These are the key insights I would like to share through my talk:
- Just as you know your algorithms, be aware of the fuzzy sentiment that brews in the mind of your user, upon being served the wide ranging outcomes that your algorithm can generate. Hint: relentlessly listen to your users.
- In today’s atmosphere of big tech distrust, if your AI product doesn’t explain itself, the narrative is lost. Evil intentions assumed.
- Opening-up the black box, communicating the “why” of algorithmic outcomes that the user has to confront, is the starting point to building trust.

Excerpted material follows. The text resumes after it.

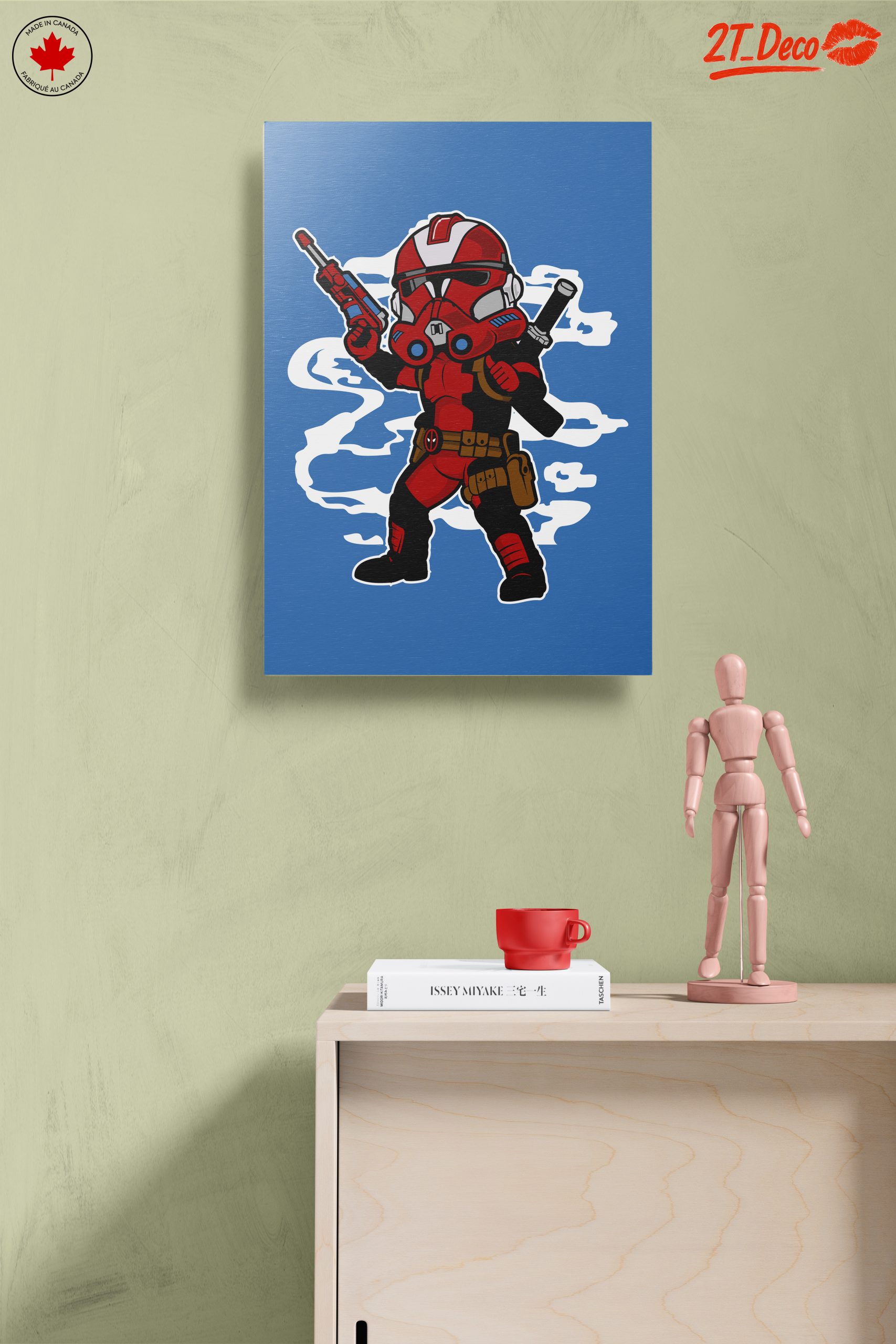 Cute Cartoon Character in Action - Image 14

Toolkit: Effective design language, operational transparency and speaking to shared motivations and pre-established concepts of fairness and trade-offs
- Don’t be shy, shout out and show off when the algorithms generate exceptional user value. If you don’t sell it, no one will.
- Most importantly, look out for users when they get burnt because of your algorithms, show you care, offer help. Build features to help beat your algo.
- Holy grail: Communicate to inform and shape user behaviour over medium term. Make your users partners in achieving the goals of your product.
1. The importance of humanising AI-driven consumer facing products, and why must this be a pre-requisite to scaling and optimising them. Brought to light with my experiences as a Pricing PM at Grab, when I failed to do so.
2. As more consumer interfaces are being disrupted in SEA with the first-time application of AI, it’s important that PMs and UX designers are aware of the principles of behavioural science and associated user needs in relation to engagement with often unpredictable and “black-box” AI products.
3. Examples of features I subsequently built at Grab to walkthrough the complementary approaches one can use to make AI products more robust in their acceptance to users. Ultimately enabling users to succeed along with and despite the AI algorithms.